The aim of this study was to investigate correlations between glucose metabolism registered by (18)F-FDG PET/CT and tumor perfusion quantified by volume perfusion CT and immunohistochemical markers Ki67 and microvessel density (MVD) in patients with non-small cell lung cancer (NSCLC). Between February 2010 and April 2011, 24 consecutive patients (21 women, 3 men; mean age ± SD, 67.6 ± 6.8 y; age range, 55.6-81.3 y) with histologically proven NSCLC (14 adenocarcinoma, 9 squamous cell lung carcinoma [SCC], and 1 mixed adenocarcinoma and SCC) underwent (18)F-FDG PET/CT and additional volume perfusion CT. Maximum standardized uptake value (SUV(max)), mean SUV, and the metabolic tumor volume were used for (18)F-FDG uptake quantification. Blood flow (BF), blood volume (BV), flow extraction product (K(trans)), and standardized perfusion value (SPV) were determined as CT perfusion parameters. Both perfusion parameters and (18)F-FDG uptake values were subsequently related to the histologic subtypes, proliferation marker Ki67, MVD according to CD34 staining, and total tumor volume. Mean SUV, SUV(max), and the metabolic tumor volume (mL) were 5.8, 8.7, and 32.3, respectively, in adenocarcinoma and 8.5, 12.9, and 16.8, respectively, in SCC. Mean BF (mL/100 mL/min), mean BV (mL/100 mL), and K(trans) (mL/100 mL/min) were 35.4, 7.3, and 27.8, respectively, in adenocarcinoma and 35.5, 10.0, and 27.8, respectively, in SCC. Moderate correlations were found between the (18)F-FDG PET/CT parameters and Ki67 as well as between CT perfusion parameters and MVD but not vice versa.
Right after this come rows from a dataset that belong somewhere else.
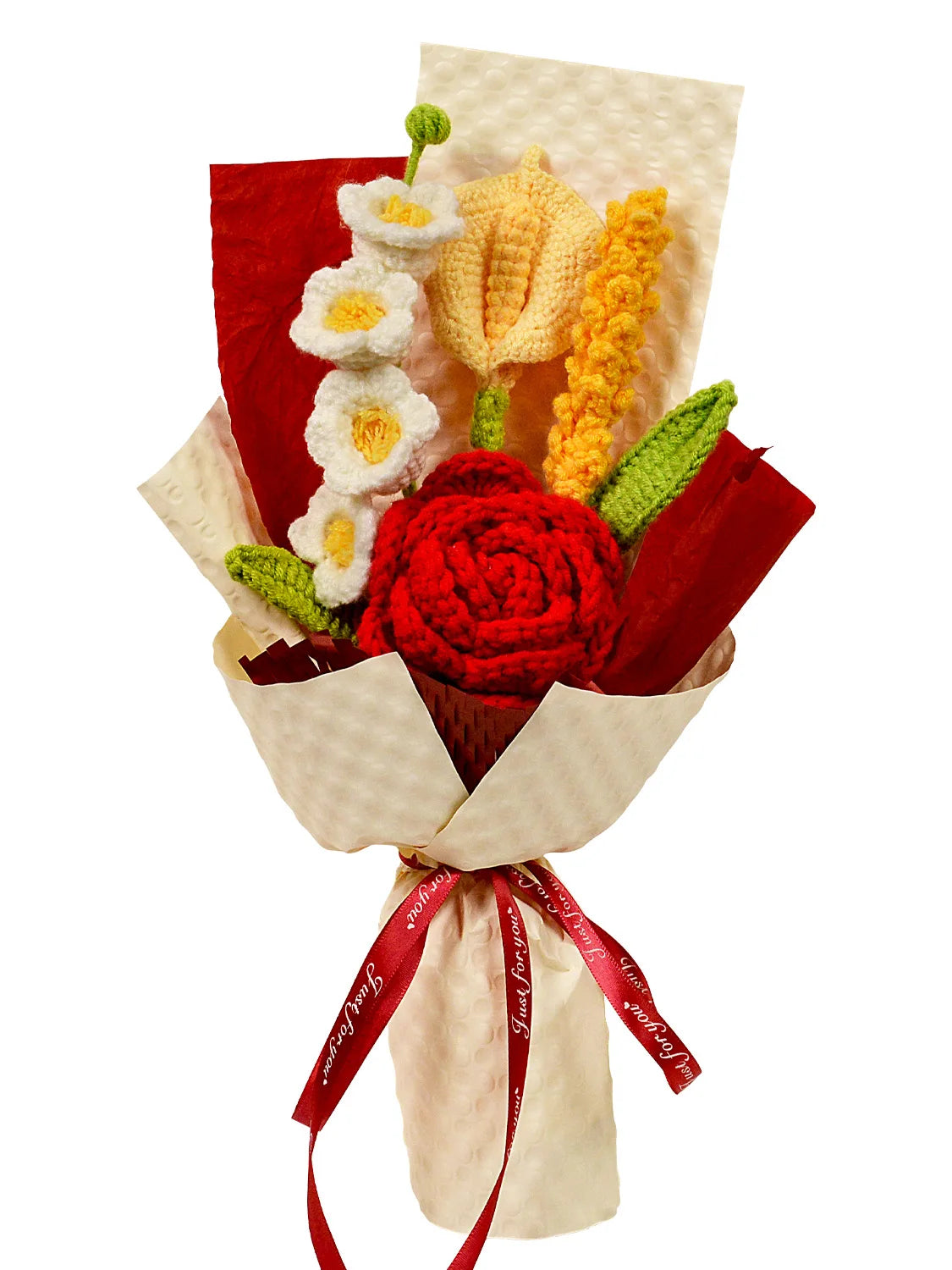 Handgefertigter roter Rosenstrauß aus Polyester für besondere Anlässe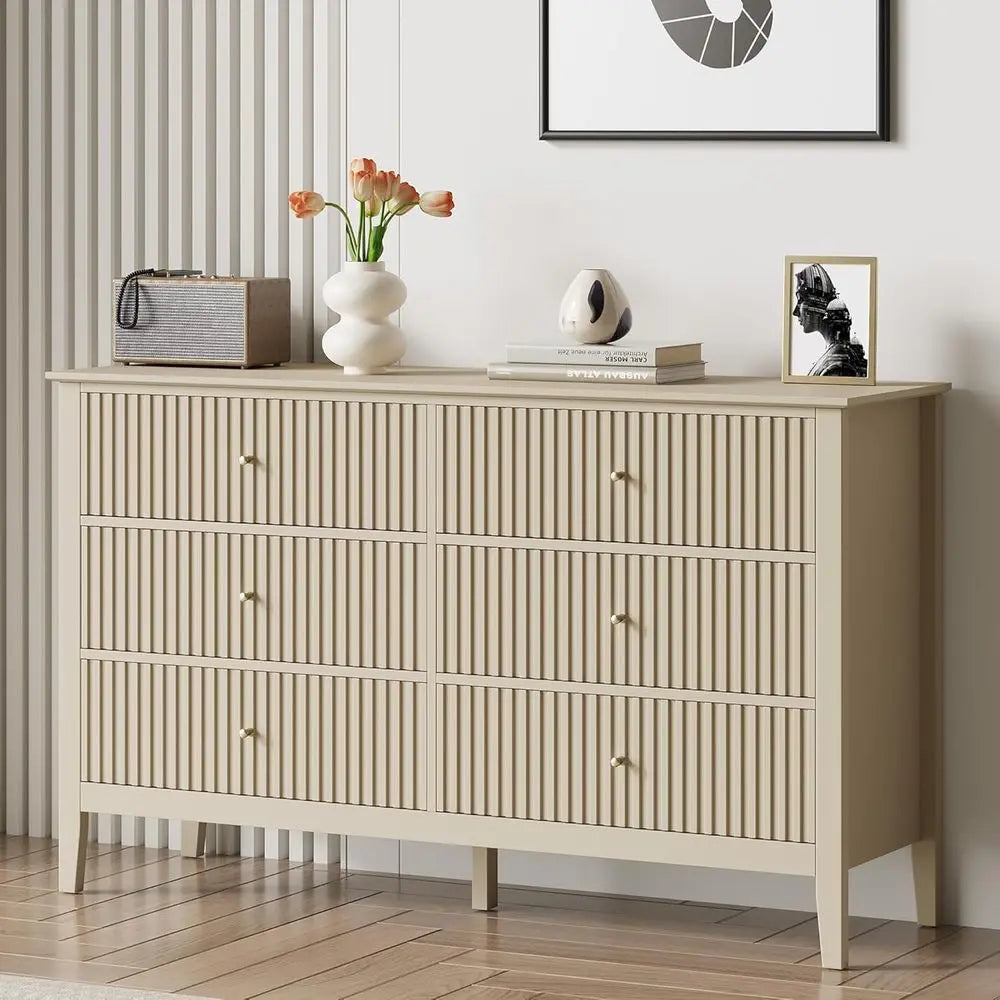 Modern Fluted 6-Drawer Beige Wood Dresser with TV Stand Storage for Bedroom and Living Room,Customized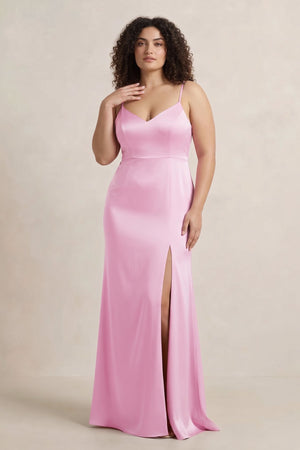Pink Spaghetti Strap Sheath Satin Bridesmaid Dress [sizeplus] | KISSBRIDAL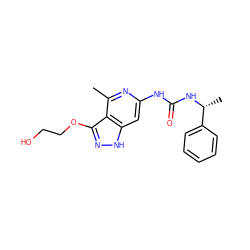 Cc1nc(NC(=O)N[C@H](C)c2ccccc2)cc2[nH]nc(OCCO)c12 ZINC001772584881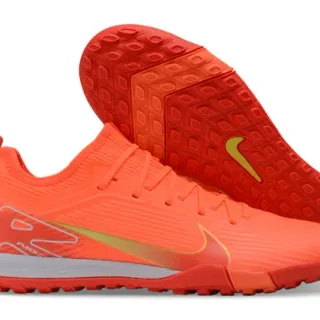 Nike Orange Red Knit Upper Dynamic Fit Collar Turf Soccer Shoes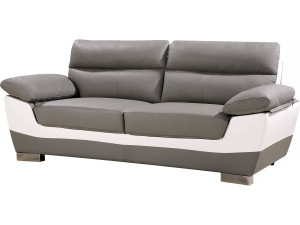 Sofá cuero reconstituido / PVC Dallas - 3 plazas Gris/Blanco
For all tumors, the following correlations were found: between SUV(max) and Ki67, r = 0.762 (P = 0.017); between SUV(max) and MVD, r = -0.237 (P = 0.359); between mean BF and Ki67, r = -0.127 (P = 0.626); and between mean BF and MVD, r = 0.467 (P = 0.059). Interestingly, correlations between the BF-metabolic relationship and total tumor volume were higher in SCC (r = 0.762, P = 0.017) than in adenocarcinoma (r = -0.0791, P = 0.788). (18)F-FDG uptake correlates with Ki67, whereas BF, BV, and K(trans) correlate with MVD. Therefore, (18)F-FDG uptake and perfusion parameters provide complementary functional information. An improved tumor profiling will be beneficial for both prognosis and therapy response evaluation in these tumors.